Ferragosto Feroce

FERRAGOSTO FEROCE
Poi un bel giorno di ferragosto, per uno strano gioco del destino, ognuno decide per conto proprio di arrendersi nelle stesse ore dello stesso giorno, al Generale Estate, all’Imperatore Agosto, che come è noto deve il suo nome proprio ad un imperatore, a dimostrazione di quanto imperativo sia il suo ordine di sgombrare dalle città. E in poche ore miseramente salta l’Italia emancipata furba e moderna, che sa far le ferie senza ferragosto. Le ferie scaglionate si scoprono d’un tratto ferie scoglionate, per via delle noiose attese ai caselli e agli imbarchi. Così gli italiani scendono con le mani alzate e la bandiera bianca dalle loro città assediate dalla Canicola, si vanno a costituire al più vicino casello autostradale, accettano la deportazione in massa nelle code ataviche di agosto, come i loro padri trent’anni addietro. A far cornice a questa resa di massa alle vacanze dementi c’è l’onda soave e ormai rituale di incendi boschivi che servono per allietare il clima e per rafforzare il tepore delle giornate a quaranta gradi che sciolgono non solo il sudato sud ma anche il padano nord umiliato nel suo clima, colonizzato dall’afa cafona del sud, terronizzato senza pietà, ridotto ad un’appendice focosa del Mezzogiorno. Dalla Padania alla Brace.

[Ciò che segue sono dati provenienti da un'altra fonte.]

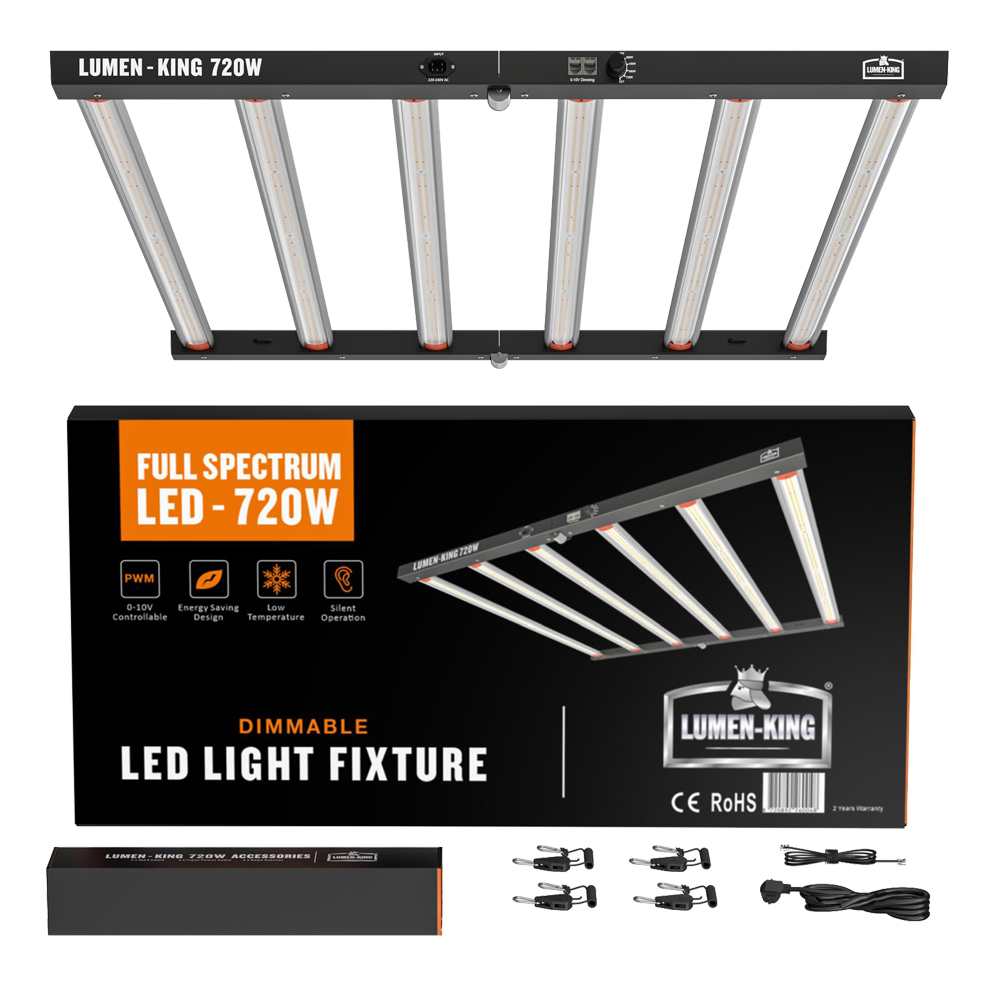 Lumen King 720W LED ECO V2 Plug&Play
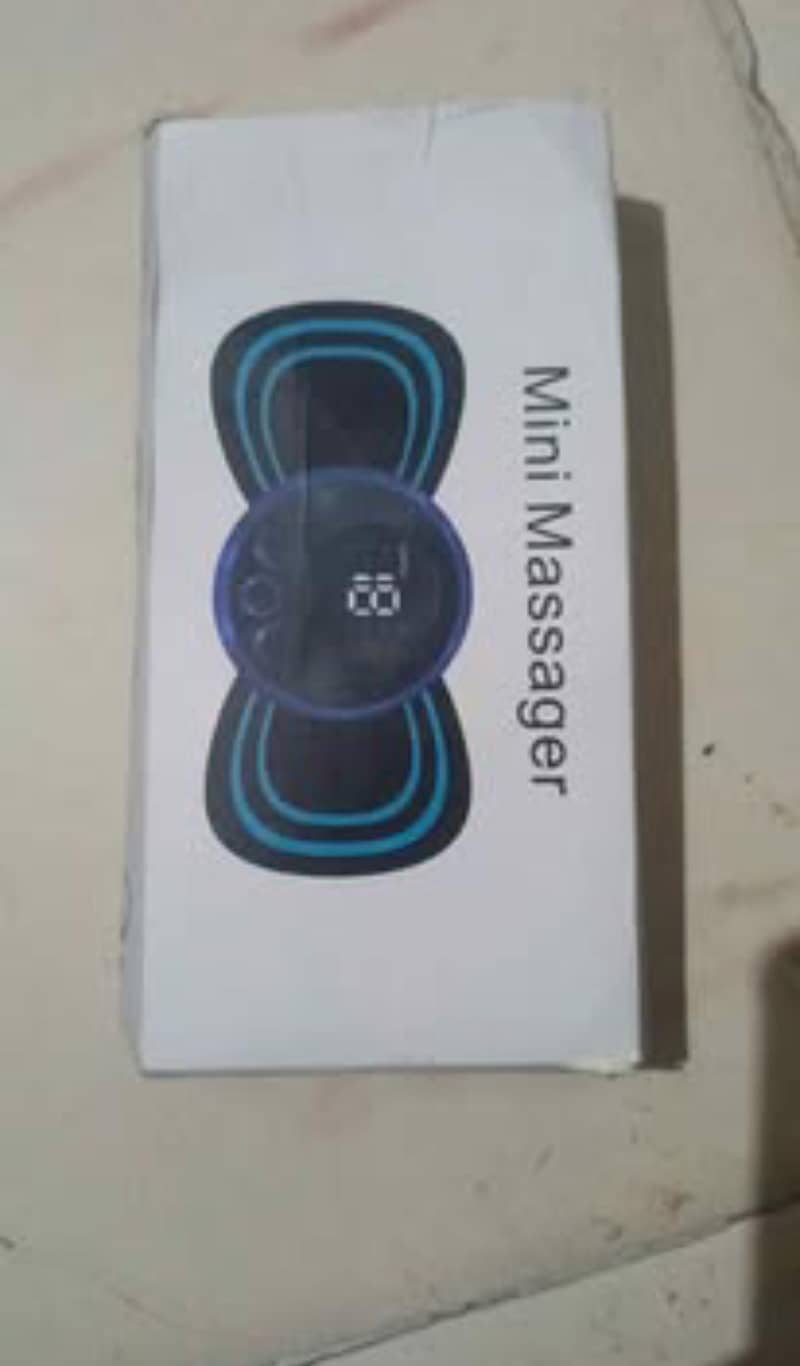 MINI MASSAGER 0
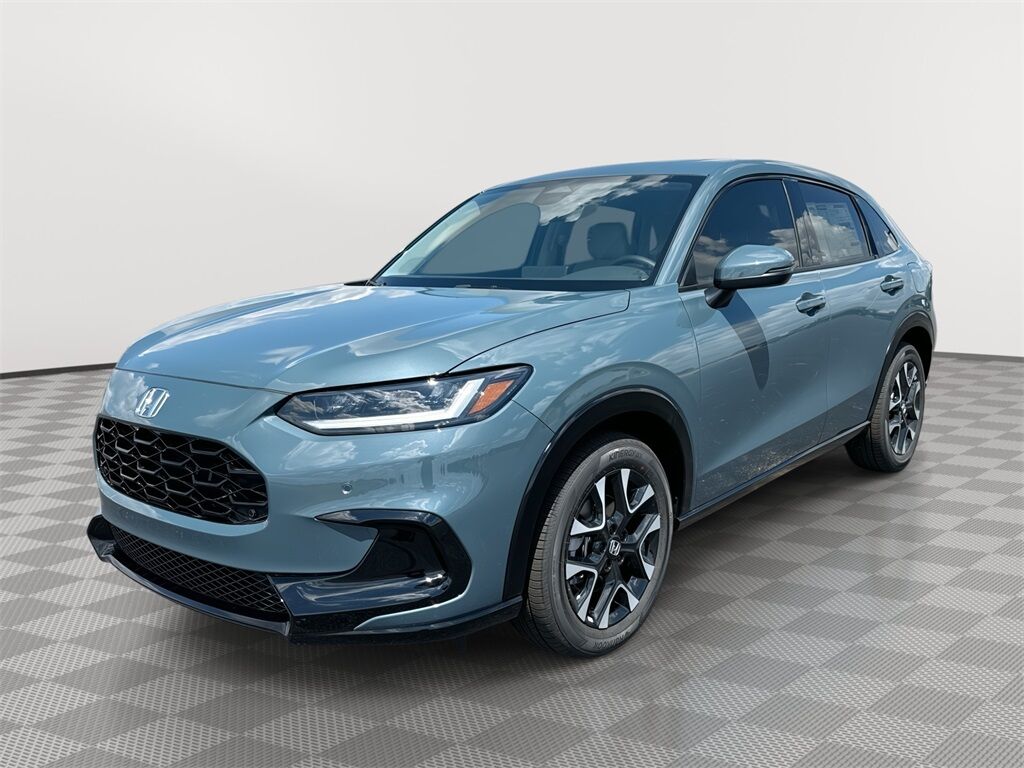 2026 Honda HR-V EX-L Oklahoma City OK
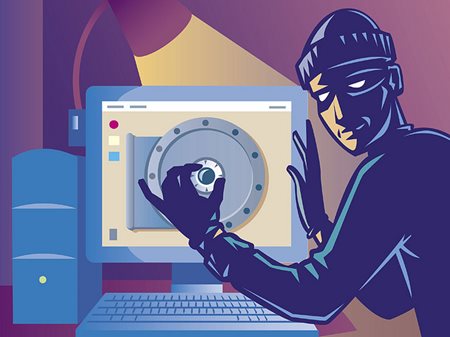 Protect Yourself From Cyber Theft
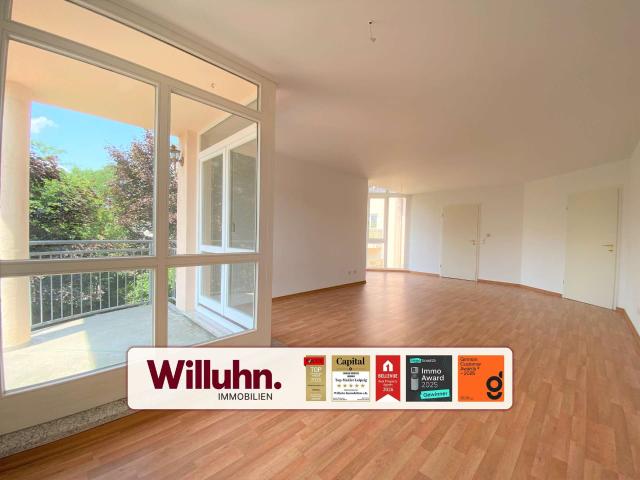 Nah am Auensee | Balkon | TG Stellplatz | Fußbodenheizung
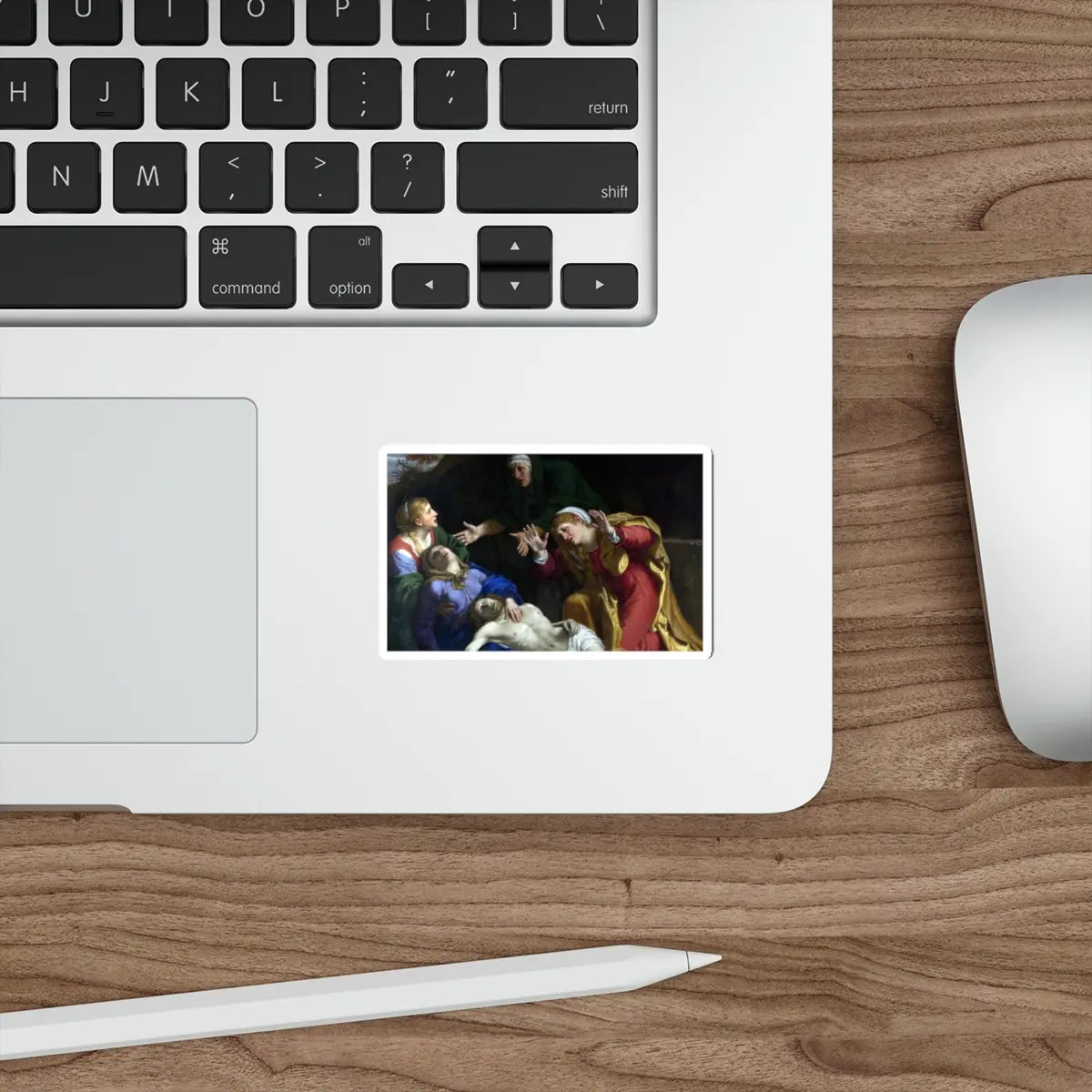 SKU:33738451403953157378 Sticker types:White Shape:Die-Cut Sizes:3" × 3"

I teoremini sulle vacanze intelligenti nulla possono difronte a Madre Natura, alle sue fumanti ascelle, alla sua ciccia grondante di sudore, ai suoi piedi feroci. Non c’è aria condizionata che tenga, non c’è dandismo da agosto in città che possa resistere, quando il sole fa la parte del leone e sbrana i corpi, sfessa le menti. Non resta che il mare; ma sì, anche il venale, pacchiano mare d’agosto.
Visto che ci siamo, spariamoci una bella festa patronale, la banda del paese, il torrone e lo zucchero filato, la granita o lo spumone ai tavoli, il ventaglio e gli aloni sotto le ascelle. Ci siamo meritati l’ingorgo e la fila: pochi telepass, molti teleferm, la civiltà dell’automobile non è ancora finita. Come l’analfabetismo di ritorno, c’è pure l’ingorgo di ritorno, un colpo di coda del passato che non vuole passare. E chi va in ferie, lo dice la parola stessa, diventa feroce.